======== Data records
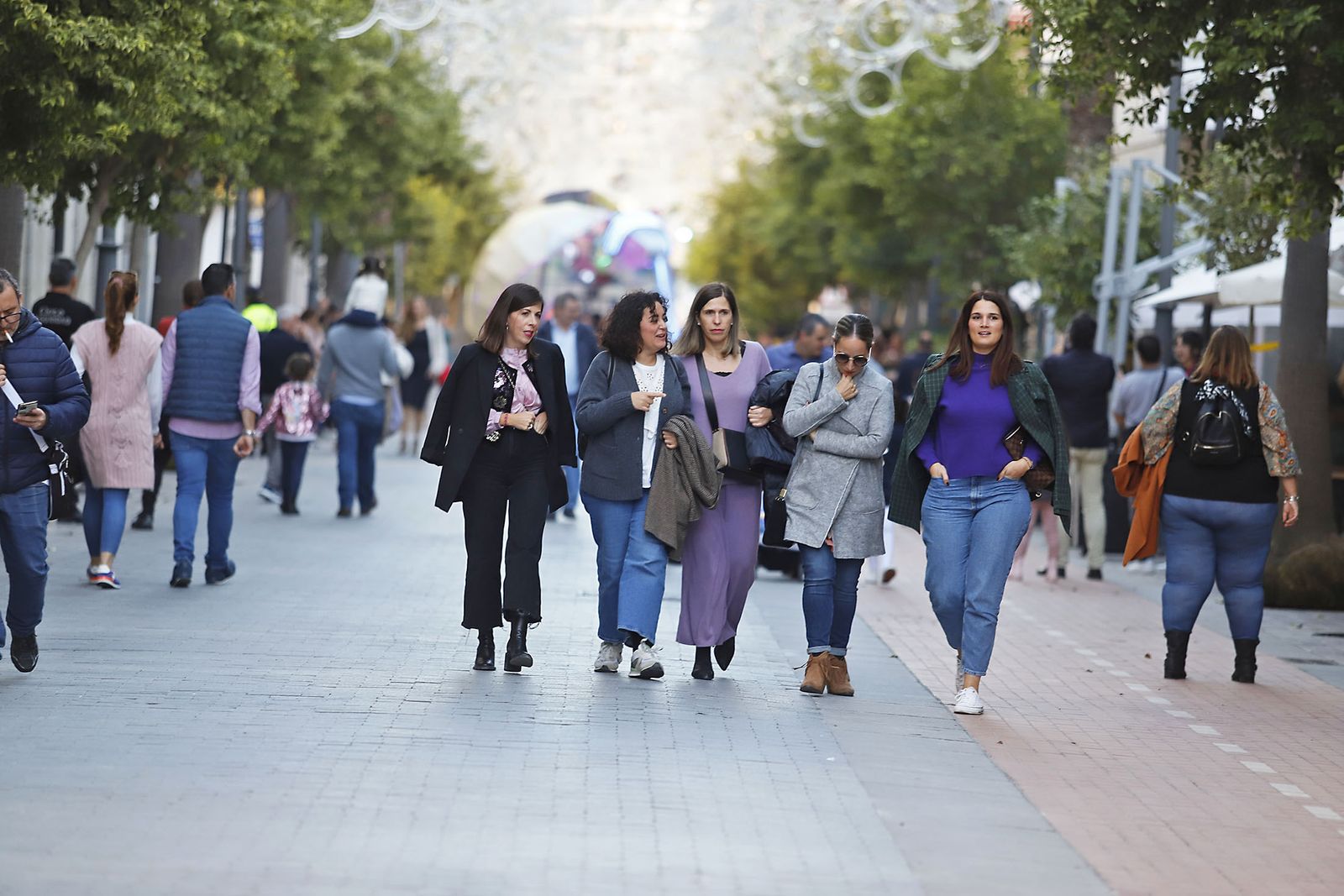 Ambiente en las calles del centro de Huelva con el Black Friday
================
======== Data records
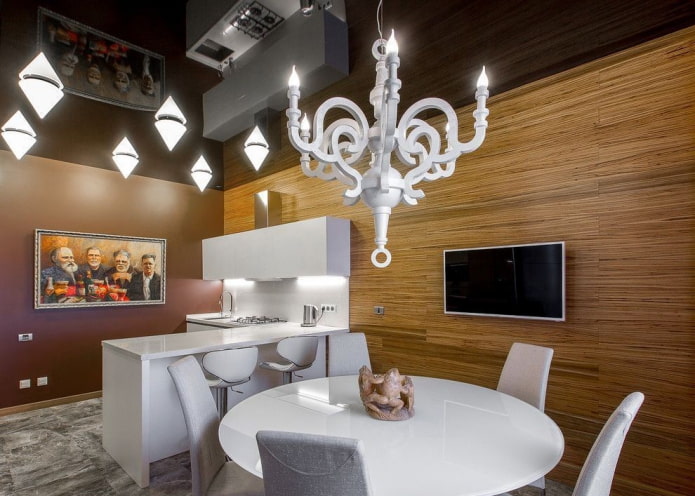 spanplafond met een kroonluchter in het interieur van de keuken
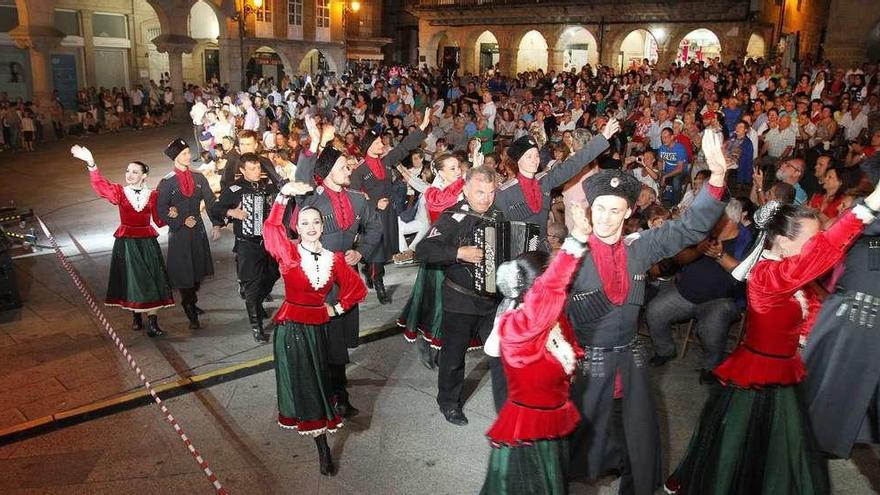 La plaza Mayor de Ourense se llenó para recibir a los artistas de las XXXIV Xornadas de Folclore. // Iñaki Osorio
================
======== Data records
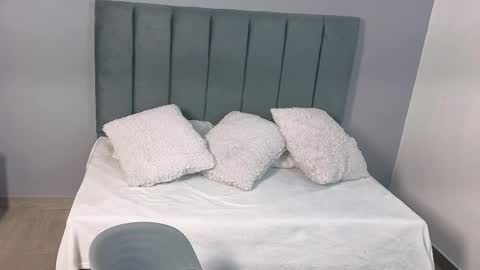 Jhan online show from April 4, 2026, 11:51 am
================
● Exercise description: An exact transcription is needed of the lines from the one with "spanplafond met een" to the one with "La plaza Mayor" above, both ends included, with pictures left out.

● Answer to this task:
 spanplafond met een kroonluchter in het interieur van de keuken
 La plaza Mayor de Ourense se llenó para recibir a los artistas de las XXXIV Xornadas de Folclore. // Iñaki Osorio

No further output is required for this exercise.